Hoe staat de wereldwijde economie ervoor? En wat zijn jullie verwachtingen?

ES: We zien een combinatie van uitbodemende economieën in Europa en het Verre Oosten plus een afkoelende Amerikaanse economie die vermoedelijk een zachte landing zal bereiken. De goedereninflatie is daarbij onder controle terwijl we de diensteninflatie nog in de gaten houden om te zien of die ook tot rust komt. Loonstijgingen komen altijd pas na de goedereninflatie. We verwachten ook voor 2025 gezonde economische ontwikkelingen met een hoog niveau van investeringen en stijgende arbeidsproductiviteit, mede dankzij kunstmatige intelligentie. Over het geheel is ons macro-scenario relatief optimistisch en we geloven dat hierdoor ook de vraag naar grondstoffen zal meevallen.

Wat speelt er momenteel in China en Japan? En welke invloed heeft dit op de beleggingen?

AvR: China probeert met flinke stimuleringspakketten de economische groei -enigszins krampachtig- toch nog op 5% te houden.

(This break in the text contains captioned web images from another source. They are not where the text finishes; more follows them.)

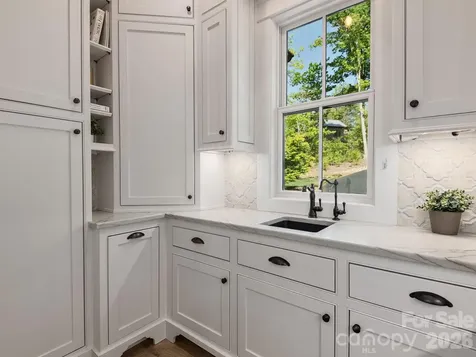 41 Hawberry Court Asheville NC 28805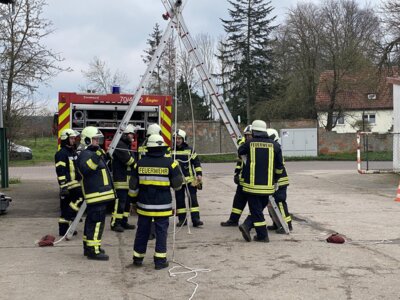 Foto des Albums: Ausbildungstag bei der Feuerwehr Neuhausen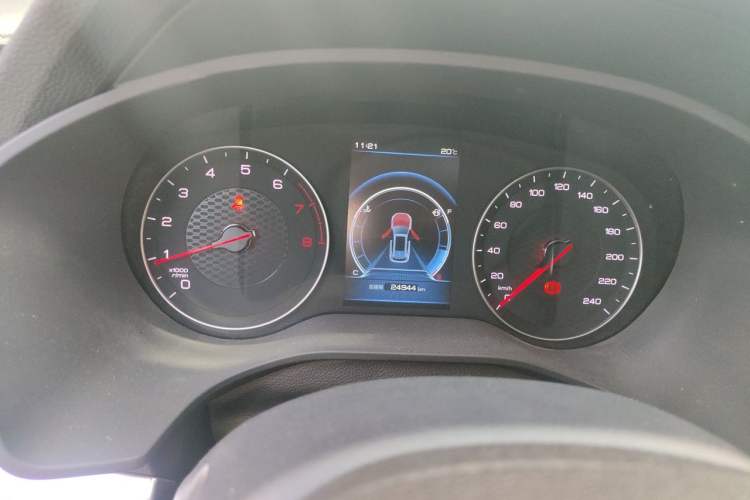 Used BYD Song 2020 Classic Edition 1.5T Manual Luxury Model Instrument Cluster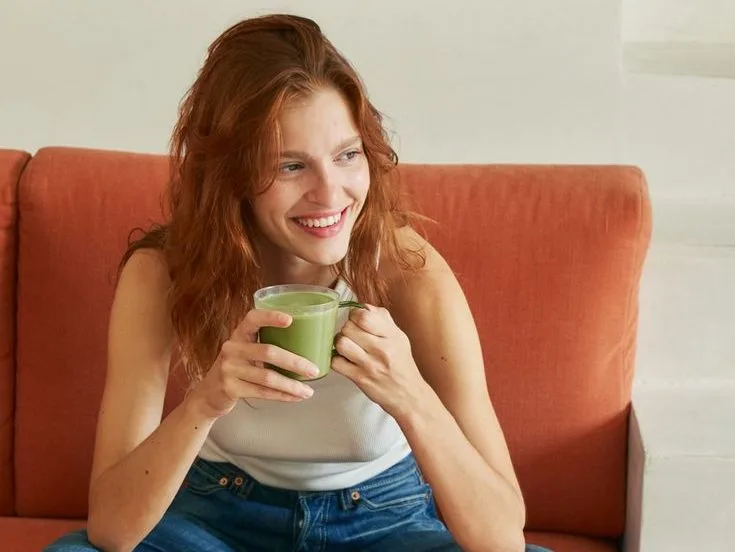 matcha_drinking_tea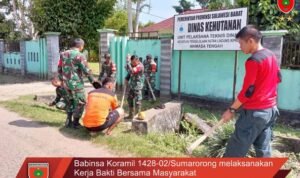 Babinsa Koramil 1428-02/Sumarorong melaksanakan Kerja Bakti Bersama Masyarakat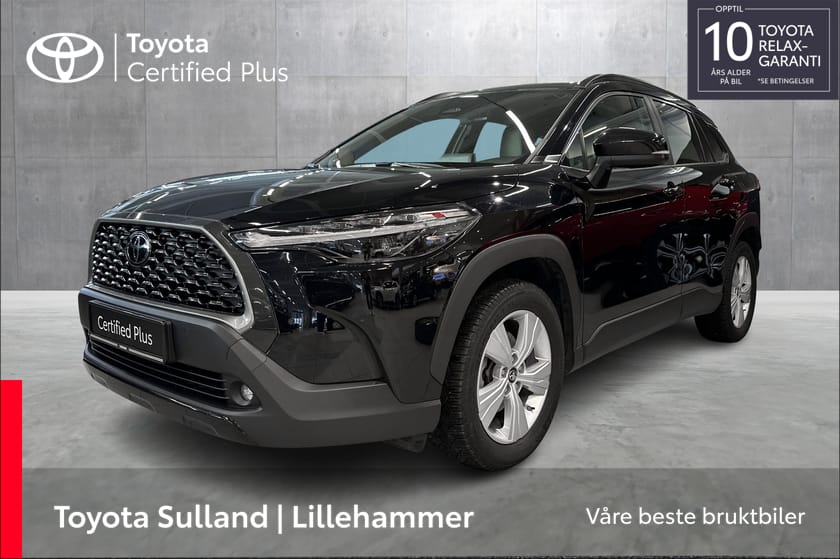 Bilde 1 av Toyota Corolla Cross Hybrid AWD-i ACTIVE TECH, SORT METALLIC, RENTEKAMPANJE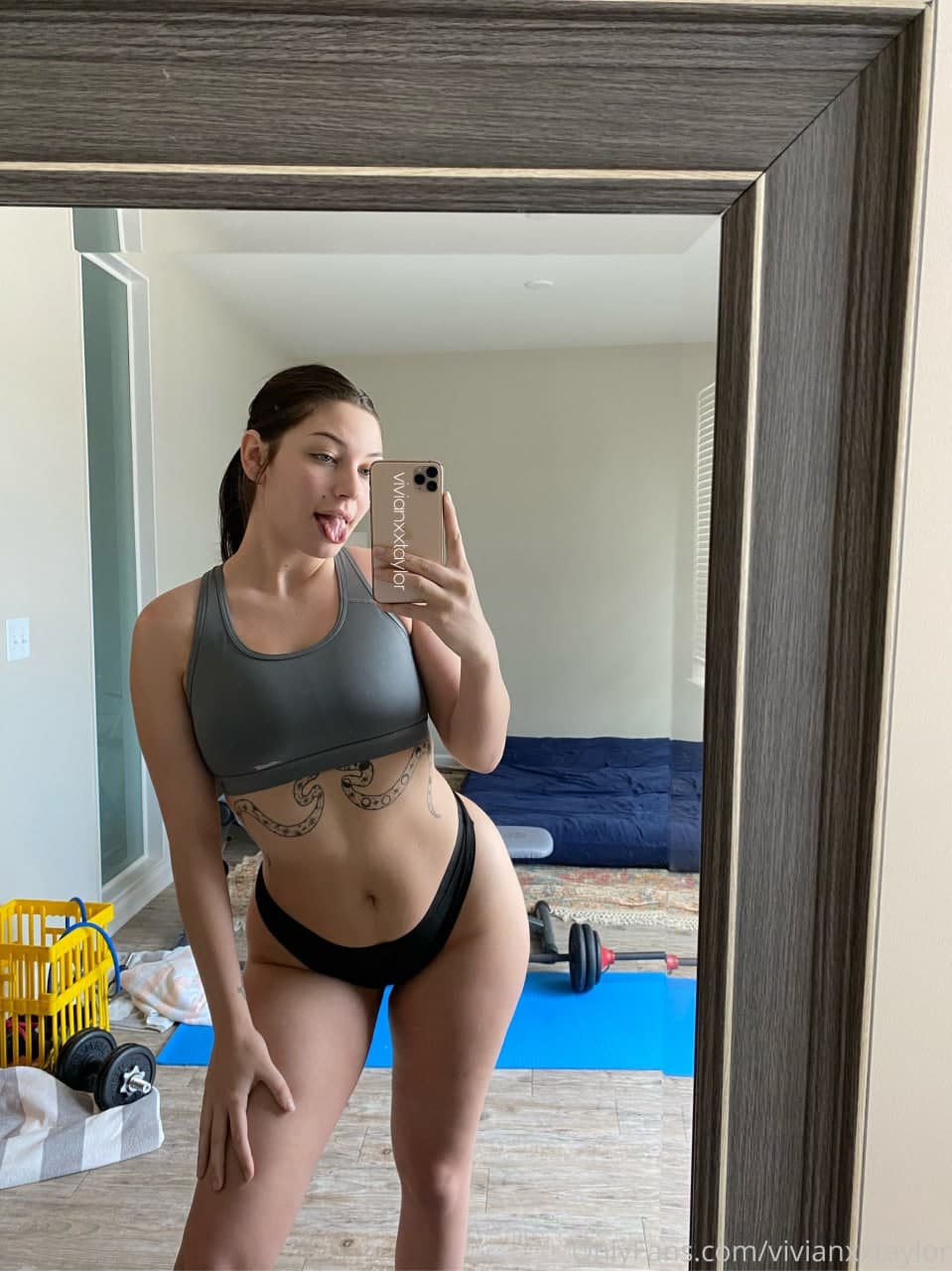 Vivian Taylor OnlyFans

Het is daarbij cruciaal dat de huizenmarkt gestabiliseerd wordt. Het moet blijken of de recente maatregelen (waaronder een flinke verlaging van de hypotheekrente) daartoe afdoende zullen zijn. China blijft een groot gewicht in onze opkomende markten fondsen en de recente koersstijging daar heeft ons in september geen windeieren gelegd. De houdbaarheid van de winsten moet blijken maar de beurs blijft nog altijd goedkoop.

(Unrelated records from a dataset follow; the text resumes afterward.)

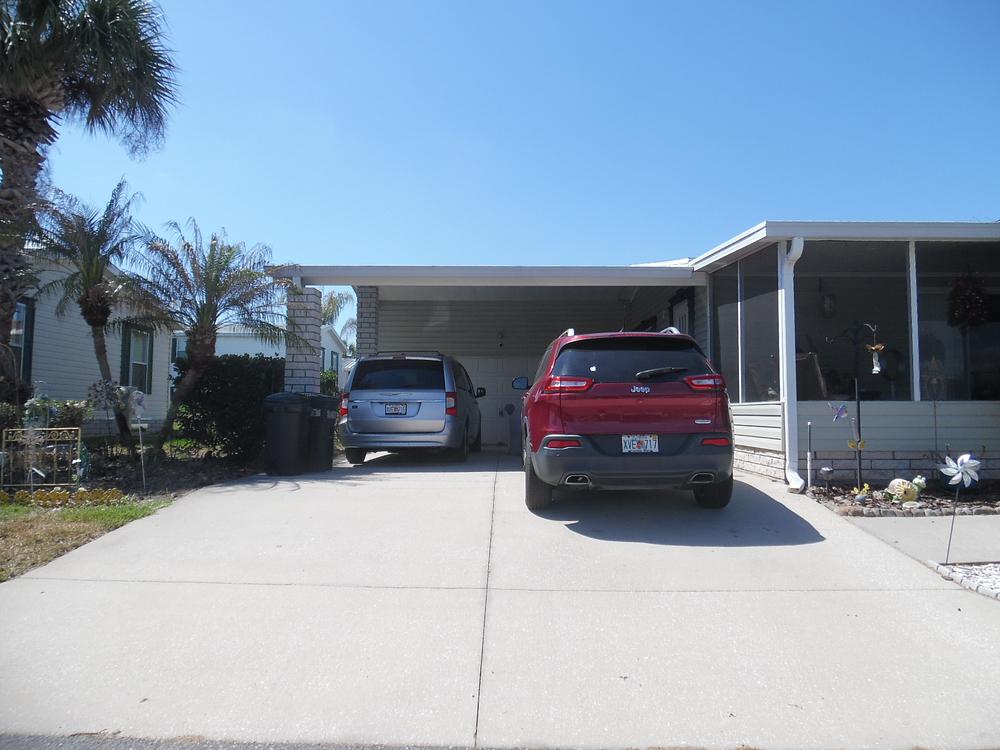 3 Bed 2 Bath 2006 Homes Of Merit - triple wide - in Davenport, FL - photo 2 of 12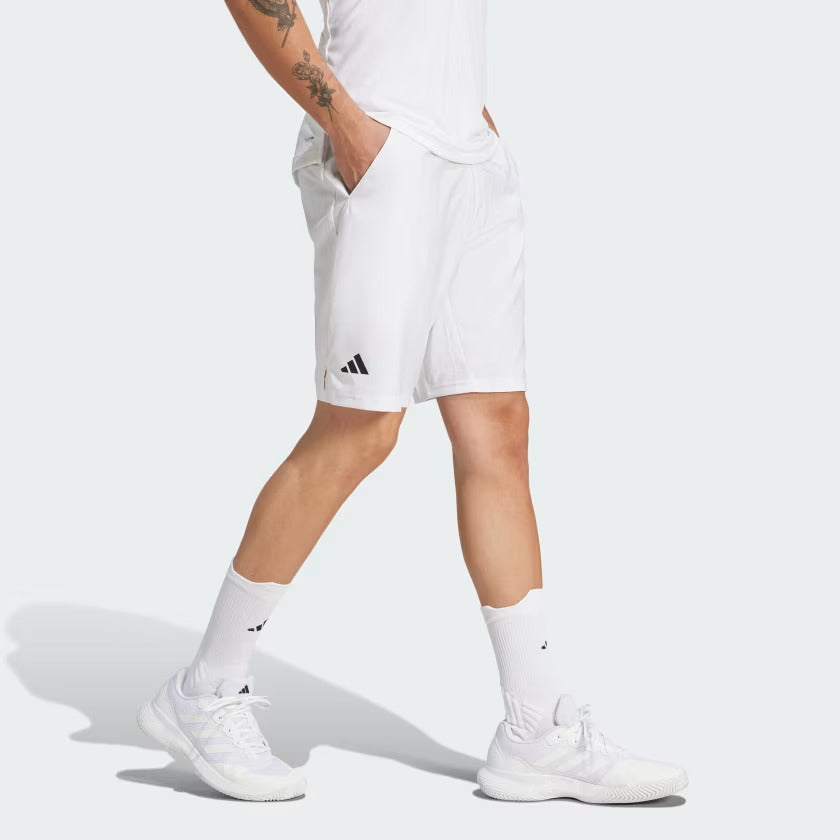 Short Adidas 3 bandes offrant liberté de mouvement et style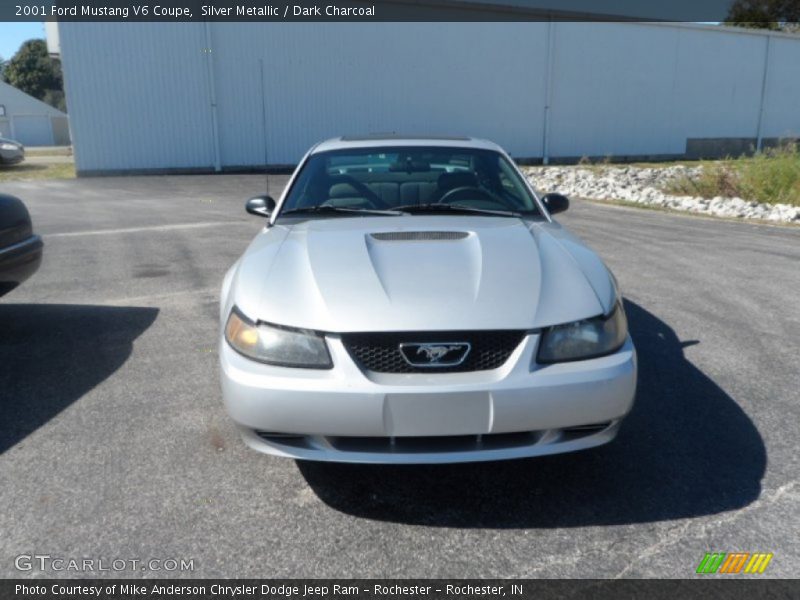 Silver Metallic / Dark Charcoal 2001 Ford Mustang V6 Coupe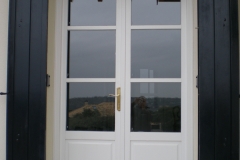 Puerta exterior con cristalera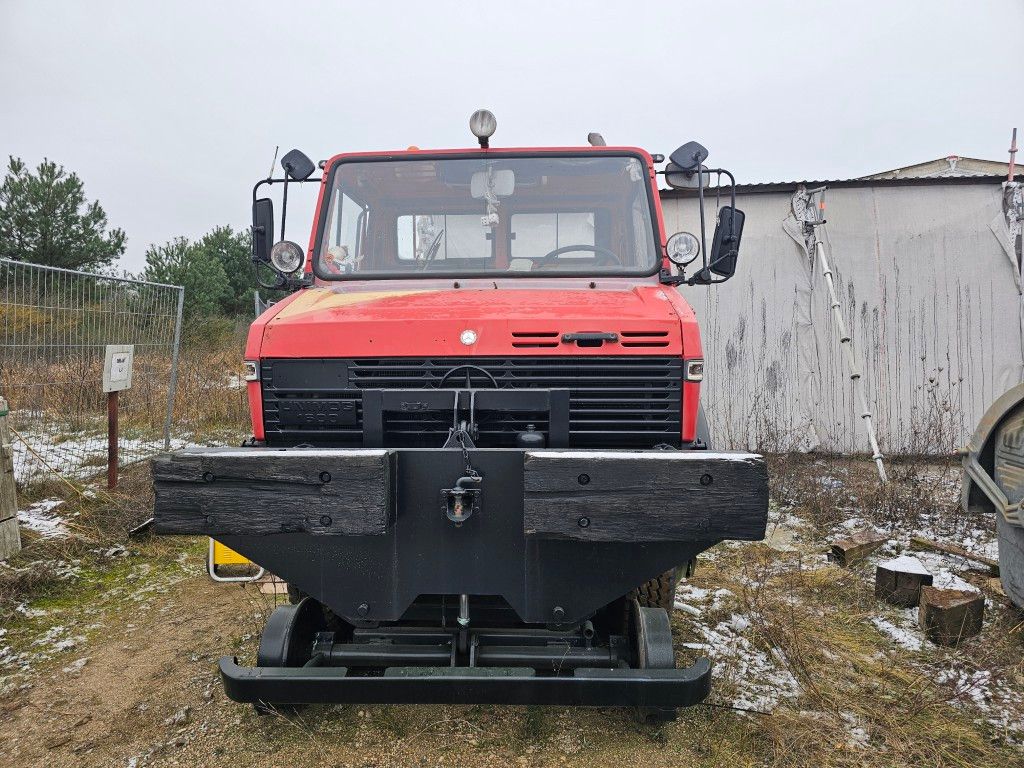 Fahrzeugabbildung Unimog 1600/ 427/12, Bahnzugmaschine- 2 Wege -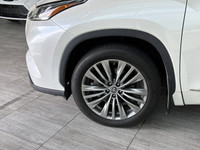 NAVIGATION, PANORAMIC ROOF, HEATED STEERING WHEEL Are you in search of an eco-friendly SUV that does... (image 4)
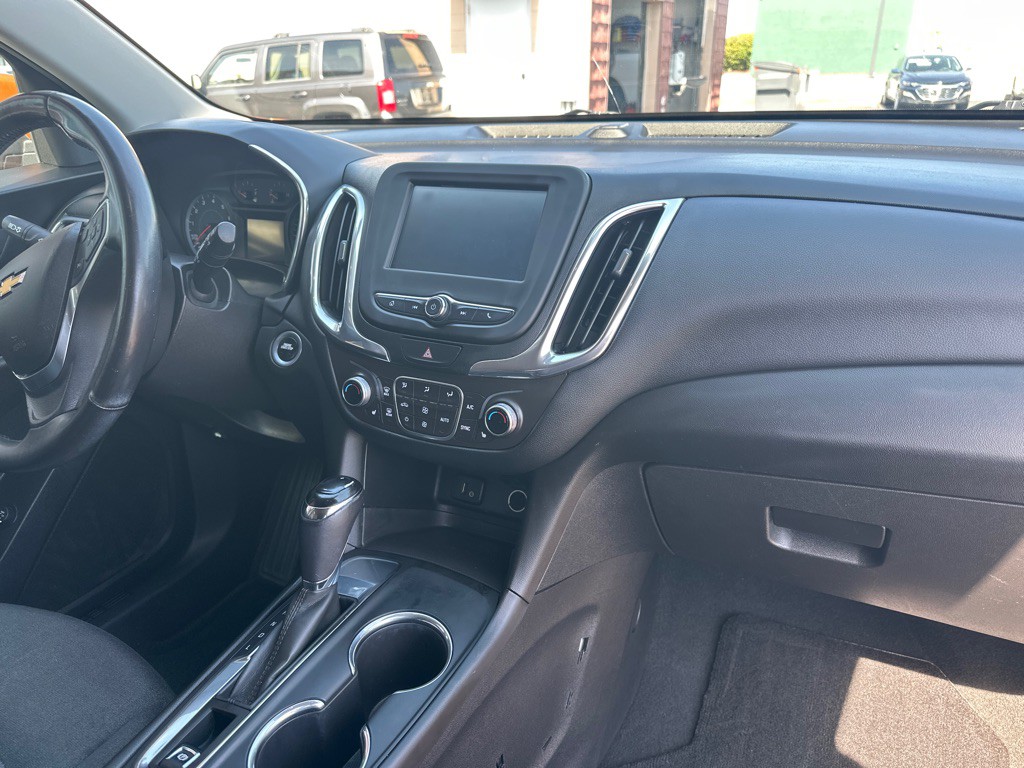 2018 Chevrolet Equinox Image 8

In Japan wordt nog geworsteld met de terugkeer van inflatie na 25 jaren afwezigheid. Vermoedelijk zal de korte rente hier nog wat verder oplopen en dat zal ook de waarde van de yen moeten ondersteunen. Een sterkere yen wordt vaak als slecht voor de beurs gezien maar dat is naar mijn mening een achterhaalde visie. De Japanse bedrijfswinsten staan er rooskleurig voor, en dat heeft weinig te maken met de zwakte van de yen. De beurs is niet duur en kan nog verder stijgen.